Mais l’adolescent devient adulte. Les doigts des interprètes lui montrent la lune romantique, et de plus en plus souvent, il regarde les doigts. Il acquiert, avec la science de l’interprétation, le vice de la critique : ne plus lire le message, détailler le messager. Sans doute, l’adolescent se trompe : ce Chopin qui le saisissait d’angoisse joyeuse, ce n’était pas Chopin seulement, c’était aussi Arthur Rubinstein, ou Dinu Lipatti. Mais nous nous trompons aussi, nous autres vieilles punaises de concerts, vieux rats de festivals : si prodigieux, si scandaleux que cela nous paraisse, l’œuvre préexiste à l’interprète ; elle est pour lui, à tous les sens du terme, un moyen d’existence.

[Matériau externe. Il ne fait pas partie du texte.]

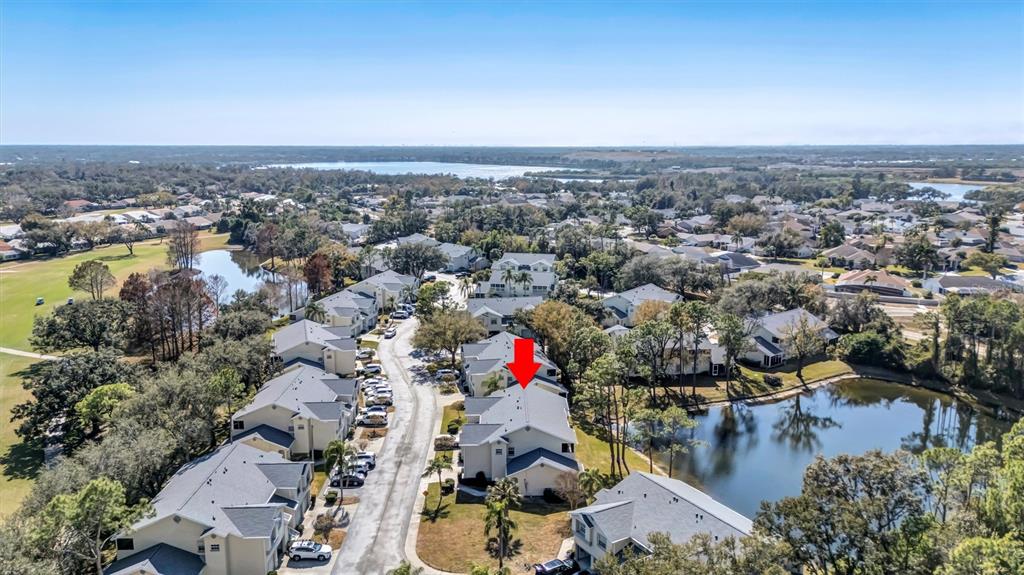 A screened-in porch with white tile flooring and a ceiling fan overlooks a pond — 5430 FAIR OAKS STREET UNIT 5430, BRADENTON, FL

Et voilà que nous écrivons de telles lignes au moment d’entonner, à la gloire d’une pianiste, le plus vibrant éloge ! Mais c’est qu’elle rend à Chopin, à Brahms, à Scarlatti, à Stravinski, leur splendeur première, leur plus parfait orient. Cet Orient d’où Mei Jin nous arrive, et qui, au miroir de son joyeux tempérament, redonne sa jeunesse à notre vieux génie européen, rendant moins consternant notre goût d’Alexandrins pour la musique des morts. Elle est ceux qu’elle joue, ni plus ni moins. Et voici qu’on retrouve, à l’entendre, l’émotion de la découverte adolescente. Seuls de très rares interprètes ont atteint cette transparence du génie : outre Rubinstein et Lipatti, Clara Haskil, Svjatoslav Richter, Rudolf Serkin. Surtout pas Glenn Gould, surtout pas Horowitz, pour ne nommer que les plus tapageurs des Narcisse du piano. Pas même Argerich, trop lunatique, pas même Pollini, trop austère. Mais faisons silence, écoutons Mei Jin.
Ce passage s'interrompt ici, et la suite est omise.